[[ Dataset content, beginning ]]

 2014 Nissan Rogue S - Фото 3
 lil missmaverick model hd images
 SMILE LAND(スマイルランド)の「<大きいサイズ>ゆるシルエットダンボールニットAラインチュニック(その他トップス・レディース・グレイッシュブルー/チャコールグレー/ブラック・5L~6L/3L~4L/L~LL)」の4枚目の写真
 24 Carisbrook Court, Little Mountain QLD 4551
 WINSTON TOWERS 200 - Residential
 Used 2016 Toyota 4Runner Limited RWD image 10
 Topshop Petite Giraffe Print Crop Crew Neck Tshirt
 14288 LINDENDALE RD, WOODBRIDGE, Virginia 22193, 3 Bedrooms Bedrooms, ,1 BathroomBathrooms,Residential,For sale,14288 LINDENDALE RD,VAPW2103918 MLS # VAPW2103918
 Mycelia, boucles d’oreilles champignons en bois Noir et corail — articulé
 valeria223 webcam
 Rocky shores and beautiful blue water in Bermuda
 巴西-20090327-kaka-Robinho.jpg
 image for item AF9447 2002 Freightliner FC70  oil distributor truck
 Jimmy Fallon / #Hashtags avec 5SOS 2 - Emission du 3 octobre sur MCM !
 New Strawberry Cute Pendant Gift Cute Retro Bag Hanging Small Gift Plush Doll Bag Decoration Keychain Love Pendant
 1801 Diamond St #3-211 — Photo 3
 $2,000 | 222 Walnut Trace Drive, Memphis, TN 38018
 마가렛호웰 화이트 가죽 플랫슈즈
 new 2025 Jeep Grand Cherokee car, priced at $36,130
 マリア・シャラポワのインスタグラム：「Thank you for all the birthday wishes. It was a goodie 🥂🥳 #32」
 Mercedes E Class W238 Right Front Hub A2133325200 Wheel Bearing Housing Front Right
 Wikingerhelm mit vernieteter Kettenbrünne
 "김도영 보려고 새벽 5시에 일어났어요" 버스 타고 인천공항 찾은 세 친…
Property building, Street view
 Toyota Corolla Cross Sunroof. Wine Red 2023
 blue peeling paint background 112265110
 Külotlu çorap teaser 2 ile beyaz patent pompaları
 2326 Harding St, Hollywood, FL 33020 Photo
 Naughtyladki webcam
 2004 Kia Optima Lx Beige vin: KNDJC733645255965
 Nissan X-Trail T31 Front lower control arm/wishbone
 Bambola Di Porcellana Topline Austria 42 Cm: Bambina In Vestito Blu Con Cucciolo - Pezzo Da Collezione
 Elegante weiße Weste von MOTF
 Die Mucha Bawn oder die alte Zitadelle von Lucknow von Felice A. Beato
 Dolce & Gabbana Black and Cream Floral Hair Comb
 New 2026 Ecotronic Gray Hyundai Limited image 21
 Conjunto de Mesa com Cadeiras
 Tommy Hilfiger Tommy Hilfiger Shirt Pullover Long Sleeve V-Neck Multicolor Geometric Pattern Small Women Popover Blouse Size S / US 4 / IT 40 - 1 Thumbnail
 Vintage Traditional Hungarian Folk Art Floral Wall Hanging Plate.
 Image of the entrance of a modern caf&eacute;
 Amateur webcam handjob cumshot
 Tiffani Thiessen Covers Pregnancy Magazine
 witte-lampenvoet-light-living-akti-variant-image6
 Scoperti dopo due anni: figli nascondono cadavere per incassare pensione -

[[ Dataset content, end ]]

Pick out each line above that includes "Nissan" and show it.

 2014 Nissan Rogue S - Фото 3
 Nissan X-Trail T31 Front lower control arm/wishbone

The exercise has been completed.